Les cinq piliers comprennent : le soutien aux start-ups et aux PME, l’investissement dans la recherche quantique, l’élargissement du pool d’investissement quantique, le développement de la coopération internationale et l’assurance d’une coordination efficace au niveau de l’UE et des États membres.

L’UE « s’engage » avec le Japon, la Corée du Sud et les États-Unis à former des partenariats stratégiques dans le domaine de l’informatique quantique, a expliqué Thomas Skordas.

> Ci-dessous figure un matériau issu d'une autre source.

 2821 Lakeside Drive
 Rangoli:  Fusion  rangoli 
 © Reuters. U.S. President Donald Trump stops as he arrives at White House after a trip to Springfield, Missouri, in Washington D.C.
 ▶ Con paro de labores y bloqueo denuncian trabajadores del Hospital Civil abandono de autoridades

Les défis à relever pour que l’UE reste pertinente dans ce domaine sont la nécessité d’attirer et d’entretenir un vivier de talents qualifiés et la dépendance excessive envers les fournisseurs non européens pour les composants essentiels et les matières premières, a souligné M. Skordas.

Selon lui, l’UE abrite 25 % des petites entreprises dans le domaine quantique qui existent dans le monde — une position nettement meilleure que dans d’autres domaines, tels que l’intelligence artificielle.

« Notre scène de start-ups est à la pointe du progrès. Nous comptons actuellement plus de 120 startups, un nombre similaire à celui des États-Unis. Je pense que vous serez tous d’accord pour dire que l’Europe est bien placée pour développer cet écosystème », a déclaré M. Skordas.

Un accord qui ne fait pas l’unanimité

Malgré l’accord sur la stratégie quantique de l’Europe, il reste encore beaucoup à faire « pour harmoniser les approches et faire en sorte que l’accès, le contrôle et le développement des technologies quantiques fassent partie du discours géopolitique européen », a déclaré Andrea G. Rodríguez, analyste en chef de la politique numérique pour l’agenda numérique de l’UE au European Policy Centre (EPC), à Euractiv.

Pour Mme Rodríguez, le fait que six pays de l’UE n’aient pas signé la déclaration montre qu’il y a encore beaucoup à faire pour démontrer la crédibilité de la technologie quantique comme domaine stratégique pour l’Europe.

La Commission a déjà repoussé à plusieurs reprises le délai de soumission d’une étude sur les vulnérabilités de quatre technologies critiques jugées essentielles pour l’avenir de l’UE, a affirmé l’analyste de l’EPC. Pour Mme Rodríguez, cela montre que le domaine quantique n’est pas une priorité pour la Commission.